Through her works, it reveals in addition to being a creative persona she is also a very kind human being: and sensitive to the sufferings of others. Issues she has chosen for explorations like cruelty on animals, Nepal Diary, or the promulgation of Constitutions remain glaring examples in this regard. Mostly, it all remains satirical statements on the anomalies – inherent in it.
Conclusively, when we look at all the attributes Sushma Shakya has, she indeed remains an artist to the core, an indeed a very promising figure in Nepali Art today. Her consummated style to express, the zeal to explore and most importantly, her profound love for the past heritage are highly praiseworthy. In short, she does beckon a bright future to the Nepali Art as a whole: and a lot can be expected from her in future.

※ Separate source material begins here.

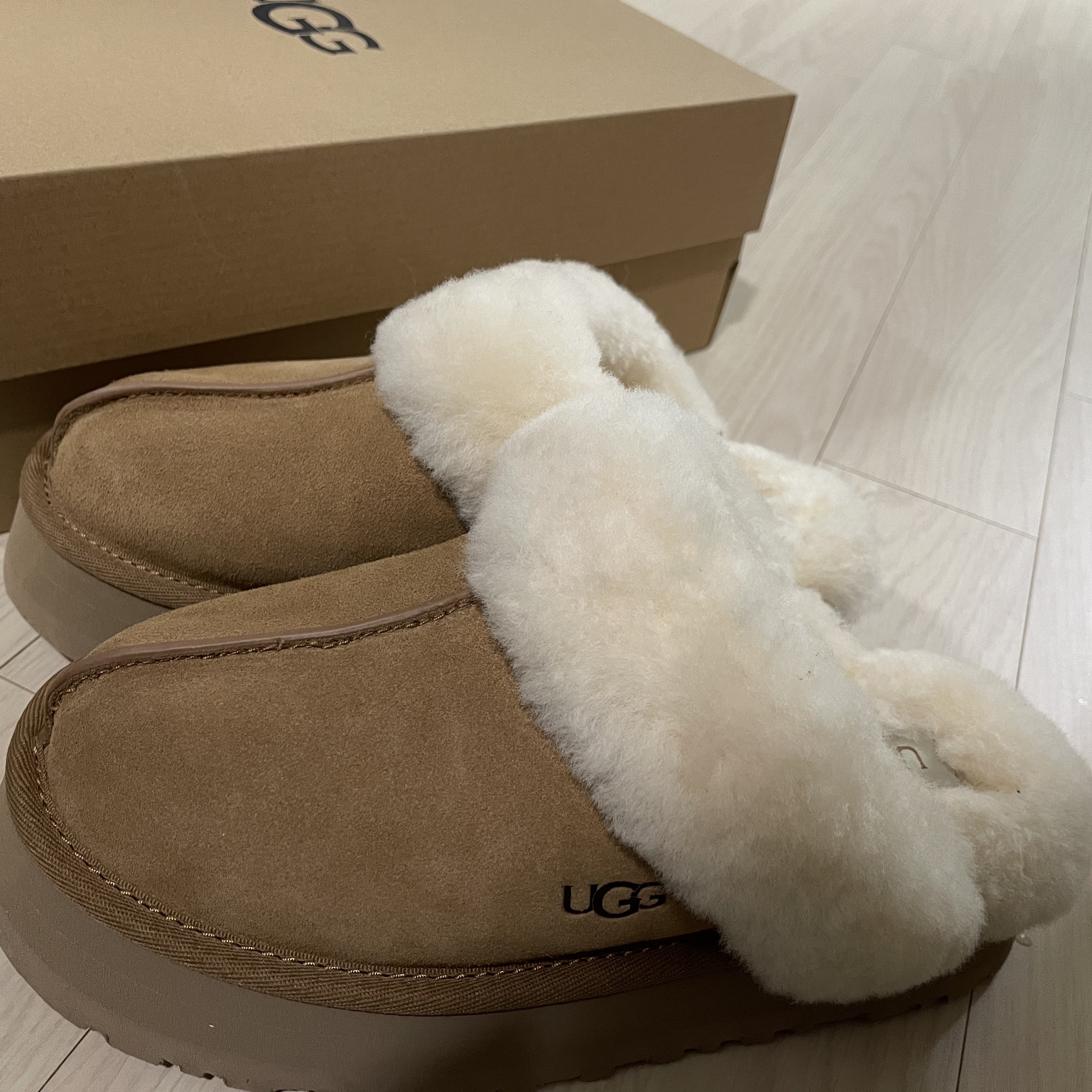 (W) UGG Disquette Slipper Chestnut 착용 스타일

Throughout my whole life, I have been surrounded by the intricate aesthetics created by my ancestors. As a young child growing up in Patan, Nepal, my Mother and Grandmother would take me to the Baha/Bahi (Newar Buddhist monasteries). In these courtyards, every inch of the beautiful architecture is decorated with plant life, motif design, animals, gods and goddesses. This had a deep impact on me as an artist. My ancestors taught me about balance: aesthetically, conceptually, and spiritually.

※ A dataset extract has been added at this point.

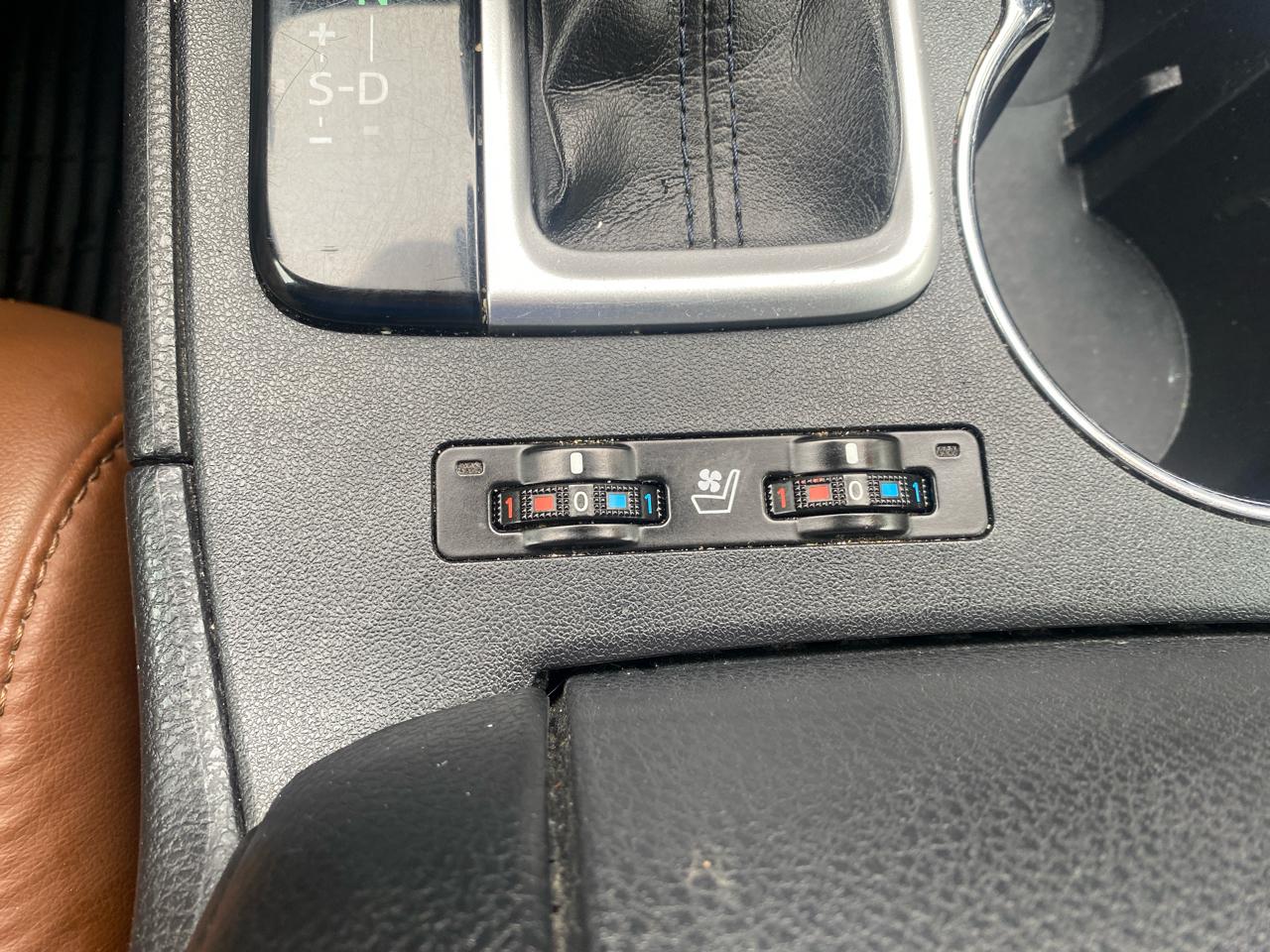 Toyota Highlander Hybrid Limited V6 AWD (Natl) 2019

What we find in our society and around the world today are the consequences of human action causing drastic unbalance for ourselves and our environment. As an artist, I feel, I have a responsibility to call attention to this unbalance. In my recent works, I explore human affects on the ecosystem. Our environment is deteriorating day by day and it is not only affecting human suffering but all sentient beings. I chose to highlight endangered animals but also question how we are linked; we could also become extinct if we do not call attention to prevailing unbalance in our world. In my previous works, I called attention to the unbalanced nature of women in society. We worship the goddesses, and celebrate women’s day but in our social and political spheres women are forgotten. I call attention to this unbalanced nature as well.

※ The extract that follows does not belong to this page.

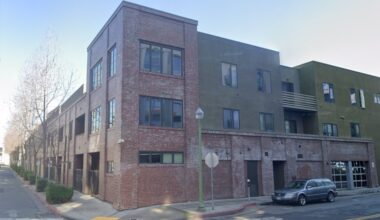 Apartment complex in lively Oakland neighborhood suffers foreclosure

Throughout my artworks, I let the concept lead to the medium. If the concept demands three-dimensions in my work, I make sculptures. I am not limited to any medium and my concepts flow-through installation, painting, video, and printmaking as well. In my work, I always build a foundation for the concept by working in symbolic layers. For example, in my paintings the background may appear to be a single color, but upon viewing closer, the viewer realizes the background is made up of many layers of several colors. The idea is that every particle in this universe is not independent of any other. Each drop of paint relates to the next. The one become many and we only observe a general vision. If we were to look at a single drop of paint under a microscope we would only find that the dot is also made of many parts. Thus, there is no independent reality. Everything is dependent upon everything else. I believe that we can only reach our true potential by realizing our interdependent nature. I owe this realization to my ancestors who understood the delicate balance of nature.